Awareness = Impetus for Change

Simply being aware of something is impetus for change. The subtly awareness inside of you that something is amiss, will allow you to make changes that will transcend generations to come. Interestingly, a particles’ behavior changes when it is observed which is outlined and heavily studied in quantum physics. If the smallest particles known to man changes its behavior when observed, so then will we when we observe ourselves.  Below are seven ways you can increase awareness and change your environment.

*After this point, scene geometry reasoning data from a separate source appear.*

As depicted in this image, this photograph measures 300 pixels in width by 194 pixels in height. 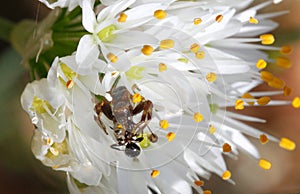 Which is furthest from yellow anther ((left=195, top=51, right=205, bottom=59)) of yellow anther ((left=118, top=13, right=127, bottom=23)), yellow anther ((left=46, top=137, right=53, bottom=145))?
yellow anther ((left=46, top=137, right=53, bottom=145))

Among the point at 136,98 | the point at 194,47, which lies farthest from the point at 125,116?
the point at 194,47

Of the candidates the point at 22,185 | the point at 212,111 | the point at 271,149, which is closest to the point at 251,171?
the point at 271,149

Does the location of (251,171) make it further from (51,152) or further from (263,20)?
(51,152)

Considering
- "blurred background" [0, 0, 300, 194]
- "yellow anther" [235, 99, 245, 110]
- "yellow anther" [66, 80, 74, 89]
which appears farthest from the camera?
"blurred background" [0, 0, 300, 194]

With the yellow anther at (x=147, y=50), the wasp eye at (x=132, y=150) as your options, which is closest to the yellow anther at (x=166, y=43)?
the yellow anther at (x=147, y=50)

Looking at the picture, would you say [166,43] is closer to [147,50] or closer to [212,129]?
[147,50]

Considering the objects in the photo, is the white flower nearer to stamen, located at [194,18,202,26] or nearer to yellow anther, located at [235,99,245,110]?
stamen, located at [194,18,202,26] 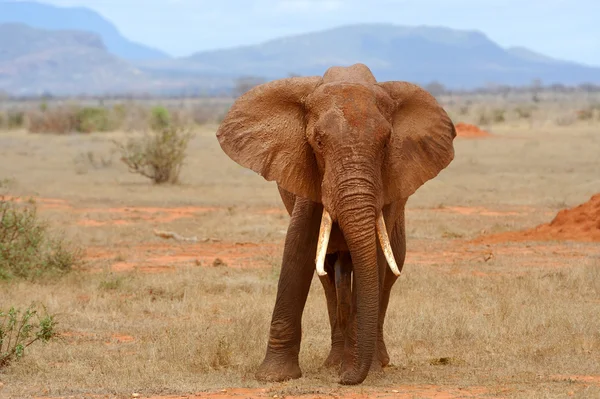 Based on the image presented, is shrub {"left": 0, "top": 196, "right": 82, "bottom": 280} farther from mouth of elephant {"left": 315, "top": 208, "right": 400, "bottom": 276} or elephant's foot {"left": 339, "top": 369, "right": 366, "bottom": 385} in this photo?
mouth of elephant {"left": 315, "top": 208, "right": 400, "bottom": 276}

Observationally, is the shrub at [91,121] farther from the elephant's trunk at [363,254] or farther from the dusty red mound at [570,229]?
the elephant's trunk at [363,254]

Notice the subtle power of words

Being aware of how you write and speak will drastically change the impact you have on your environment. For example, instead of saying “we are going to accomplish x”, say “we will accomplish x”.  The former is passive and the latter is active. The difference between “going to” and “will” is vast. “Will” implies intent whereas “going to” implies it may be completed should the unicorn jump over the rainbow and the leprechaun will relinquish his pot of gold. Thus kill as many words that end in “ing” that you can from your vocabulary and become declarative. This subtle change will give clear concise, direction to what it is you hope to accomplish.

Observe the voice in your mind

An awareness of the voice in your mind will allow you to acknowledge what lies your own mind is telling you on a daily basis. Without an awareness that there is an undertone of negativity, doubt and fear; such emotions will control your performance and outcomes. Observing such thoughts without prejudice will slowly allow you to change your mind to begin making positive changes of the environment you inhabit.

Observe your reactions

When someone tells you something, how do you respond? Do you immediately respond with judgements, opinions and ideas? If so, you may be wasting valuable resources that could be used elsewhere. The most powerful response is non-response. When a co-worker tells you the latest scuttlbutt in the office, neither affirm or negate what you are being told. Nothing in the World is good or bad, until we label it as such.

Observe others’ reactions

Observing how others react to various circumstances is a mirror for yourself. Labeling the reactions of others as either good or bad allows you to be sucked into their drama. Instead, remain objective and simply observe without judgment. Below is short story to illustrate on how  a man was able to remain object despite his friend’s prompting to get caught up in human drama:

There was once a man who suddenly lost his job. His friend said, “man that is terrible; how unlucky for you to have lost your job in this economy.” The man simply responded, “is that so”? Later, the same friend found out that the upper level executives two months later were sentenced to 25 years in prison for embezzlement, which again his friend came back and said, “boy you are lucky you lost your job, otherwise you would be wrapped up in this mess”. The man simply responded, “is that so”? Two weeks later, the same man was in a terrible rock climbing accident which landed him two weeks in the hospital. Again, his friend visited him and said, “you have got to be the unluckiest man on Earth”! The man again, not judging his circumstances stated, “is that so”? On the man’s last day in the hospital, his friend came running down the hall frantic and turned on the news for the man to see. His whole neighborhood was engulfed in flames as a construction company nicked a gas line and blew up the whole neighborhood. His friend, came back and said, “you are so lucky that you were in the hospital, otherwise you would have been caught up in that explosion”! With that, the man responded, “is that so”?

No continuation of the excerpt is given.